Landlord News

Housing Crisis on the Horizon as Landlords Face Tax Sting

Em Morley - December 11, 2018

A housing crisis could be on the horizon, as thousands of buy-to-let landlords face going out of business in the New Year, when tax rises, introduced by the former chancellor, George Osborne, start to bite, according to Touchstone Education.

The Doncaster-based company, which runs courses in property investment across the UK, fears that a housing crisis is looming, as the measures, which were introduced to cool buy-to-let investment, are coming to fruition.

The UK’s 2.3m private landlords have already endured a 3% hike in Stamp Duty (Land and Buildings Transaction Tax in Scotland) and the introduction of additional stress tests for buy-to-let mortgages.

In January, some will also face significantly higher Income Tax bills, following the first stage of the phasing out of mortgage interest tax relief on finance costs.

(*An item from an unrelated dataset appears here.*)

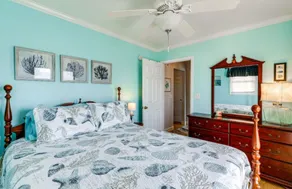 800 ft to the beach* Family Fun* Dog Friendly* - Image 4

Tax demands due at the end of the month could spell disaster for thousands of landlords, placing further stress on local authority housing and even making some tenants homeless, Touchstone Education’s Chief Executive, Paul Smith, is warning.

From April 2017, the amount of Income Tax relief that landlords could claim on their buy-to-let finance costs began to be restricted to the basic rate. The changes also apply to income earned by UK taxpayers on holiday homes overseas.

These measures will require some landlords to pay significantly higher tax bills than in the past, in some cases doubling or trebling previous rates.

A survey by Tenant Referencing UK earlier this year found that 70% of landlords were unaware of the changes, contained in Section 24 of the Finance Act 2015.

Housing Crisis on the Horizon as Landlords Face Tax Sting

At the same time, headline rates of Capital Gains Tax (CGT) paid on profits from asset sales were cut from 18% to 10% for basic rate taxpayers, and from 28% to 20% for higher rate taxpayers.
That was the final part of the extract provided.